Shareware does it all the time

What I find interesting is that people get all up in arms when Apple does exactly what shareware (and other reputable software) installers have been doing since the beginning of guided installations. The difference here is that Safari isn’t spyware or adware. Apple’s Software Update does not try to mislead you in any way. You don’t have to click a “Customize Installation” button, or expand a bunch of hierarchical lists to see what you’re installing. Nothing here is misleading. Perhaps our good friend is just jealous that it isn’t his browser that’s being peddled.

Eric the Grey says:

Re: Shareware does it all the time

The biggest problem here is that it is being promoted as an update.
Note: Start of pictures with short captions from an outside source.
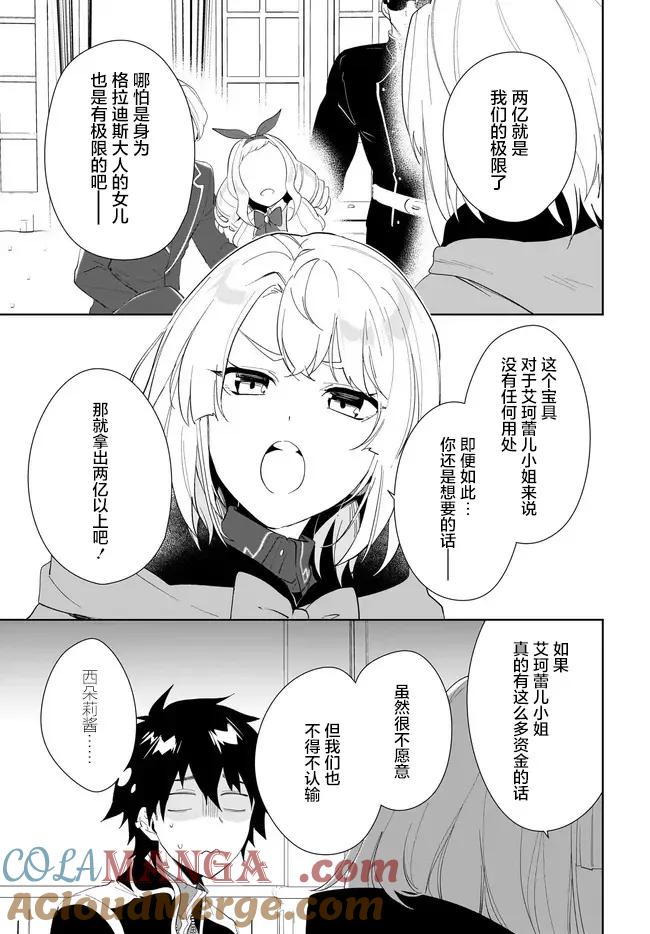 叹息的亡灵好想隐退-最弱猎手的最强队伍养成术- 52话 第17页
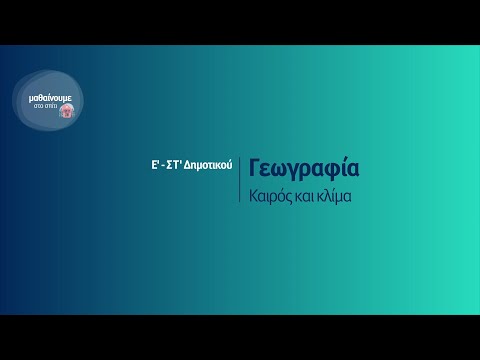 Γεωγραφία - Καιρός και κλίμα - Ε&rsquo;-ΣΤ&rsquo; Δημοτικού Επ. 152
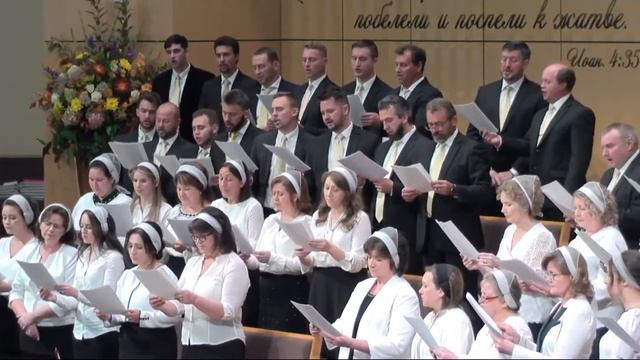 За шёпот рек и гор смотреть онлайн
It is the “Apple software Updater” that is suggesting that you download and install this new piece of software.

My take on it is that an “Updater” should only be updating software that already exists on the system, something that is already installed, not promoting a new piece of software that has no relation to what it is suppose to be updating.

I can see an advertisement, telling you about their wonderful product you might like to try, and offering you the option to download and install it. However, Apple is pushing this as if it were necessary, and anyone who isn’t internet savvy may well think it’s a necessary patch. Us tech-types hammer into people to update their systems when they are prompted to, within reason. I half expect that my GF’s computer now has it installed, and has no idea what it is, or what it does.

I got the update too, with nothing more than Safari listed to install. Why?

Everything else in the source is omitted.